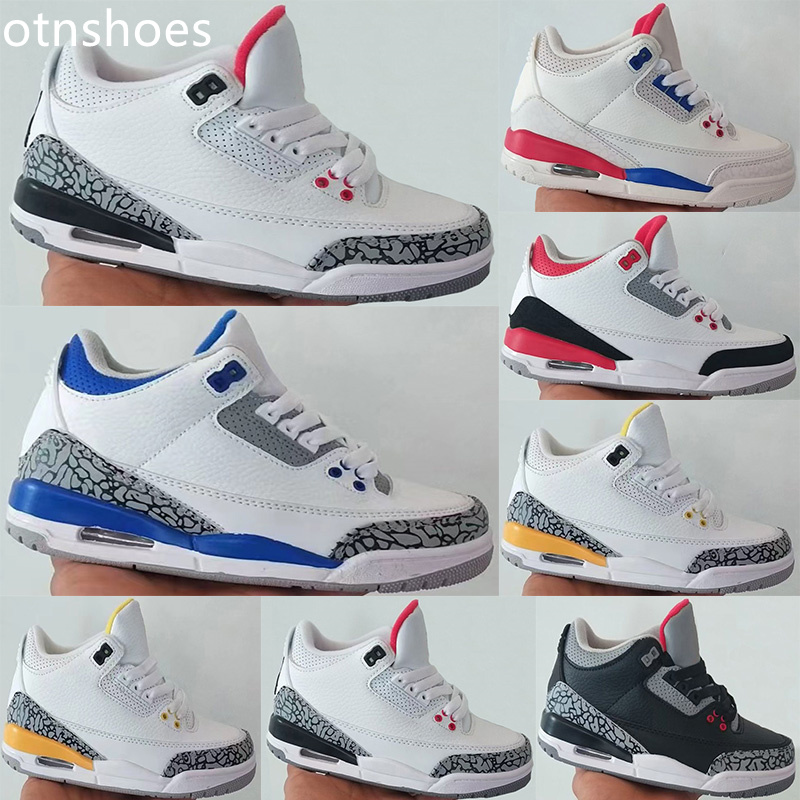 2022 kids 3 basketball shoes sneakers for youth kids boys girls with high quality size 26-35, Color 3
2022 kids 3 basketball shoes sneakers for youth kids boys girls with high quality size 26-35, Color 3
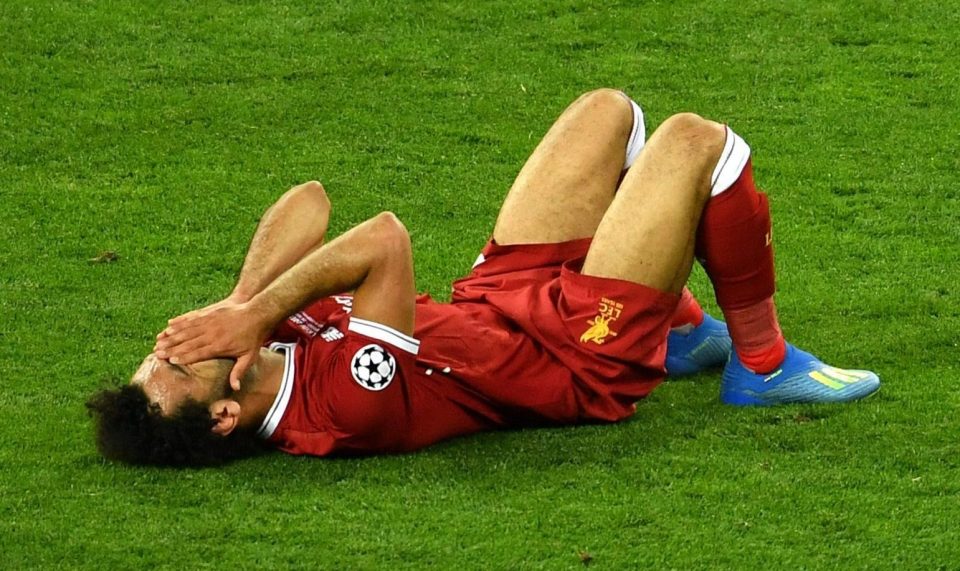  Mo Salah saw his Champions League final end in despair when he suffered a shoulder injury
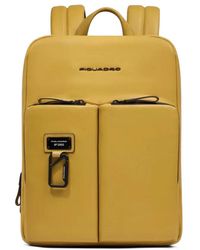 Piquadro - Expandable Leather Backpack - Lyst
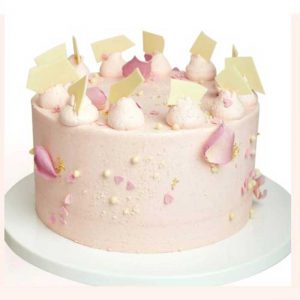 Pink Heart Sprinkle Cake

Exercise description: Set down all the material exactly once more. No pictures.

Answer to the problem:
 2022 kids 3 basketball shoes sneakers for youth kids boys girls with high quality size 26-35, Color 3
2022 kids 3 basketball shoes sneakers for youth kids boys girls with high quality size 26-35, Color 3
  Mo Salah saw his Champions League final end in despair when he suffered a shoulder injury
 Piquadro - Expandable Leather Backpack - Lyst
 Pink Heart Sprinkle Cake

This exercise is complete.